Eliciting effective antitumor immune responses in patients who fail checkpoint inhibitor therapy is a critical challenge in cancer immunotherapy, and in such patients, tumor-associated myeloid cells and macrophages (TAMs) are promising therapeutic targets. We demonstrate in an autochthonous, poorly immunogenic mouse model of melanoma that combination therapy with an agonistic anti-CD40 mAb and CSF-1R inhibitor potently suppressed tumor growth. Microwell assays to measure multiplex protein secretion by single cells identified that untreated tumors have distinct TAM subpopulations secreting MMP9 or cosecreting CCL17/22, characteristic of an M2-like state. Combination therapy reduced the frequency of these subsets, while simultaneously inducing a separate polyfunctional inflammatory TAM subset cosecreting TNF-α, IL-6, and IL-12. Tumor suppression by this combined therapy was partially dependent on T cells, and on TNF-α and IFN-γ. Together, this study demonstrates the potential for targeting TAMs to convert a “cold” into an “inflamed” tumor microenvironment capable of eliciting protective T cell responses.
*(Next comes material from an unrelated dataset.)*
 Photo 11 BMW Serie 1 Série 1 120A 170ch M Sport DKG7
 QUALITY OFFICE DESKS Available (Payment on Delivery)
在检查点抑制剂治疗失败的患者中提高有效的抗肿瘤免疫反应是癌症免疫治疗中的关键挑战，在这类患者中，肿瘤相关的髓样细胞和巨噬细胞（TAM）是有希望的治疗靶点。我们在黑色素瘤的本地化，免疫原性差的小鼠模型中证明，与激动性抗CD40 mAb和CSF-1R抑制剂联合治疗可有效抑制肿瘤生长。用微孔测定法测量单个细胞的多重蛋白分泌，发现未经处理的肿瘤具有分泌MMP9或共同分泌CCL17 / 22的独特TAM亚群，这是M2样状态的特征。联合疗法降低了这些亚群的频率，同时诱导了一个共同分泌TNF-α，IL-6和IL-12的单独的多功能炎性TAM亚群。通过这种联合疗法抑制肿瘤部分依赖于T细胞以及TNF-α和IFN-γ。总之，这项研究证明了靶向TAMs能够将“冷”转变为“发炎”的肿瘤微环境，从而引发保护性T细胞反应的潜力。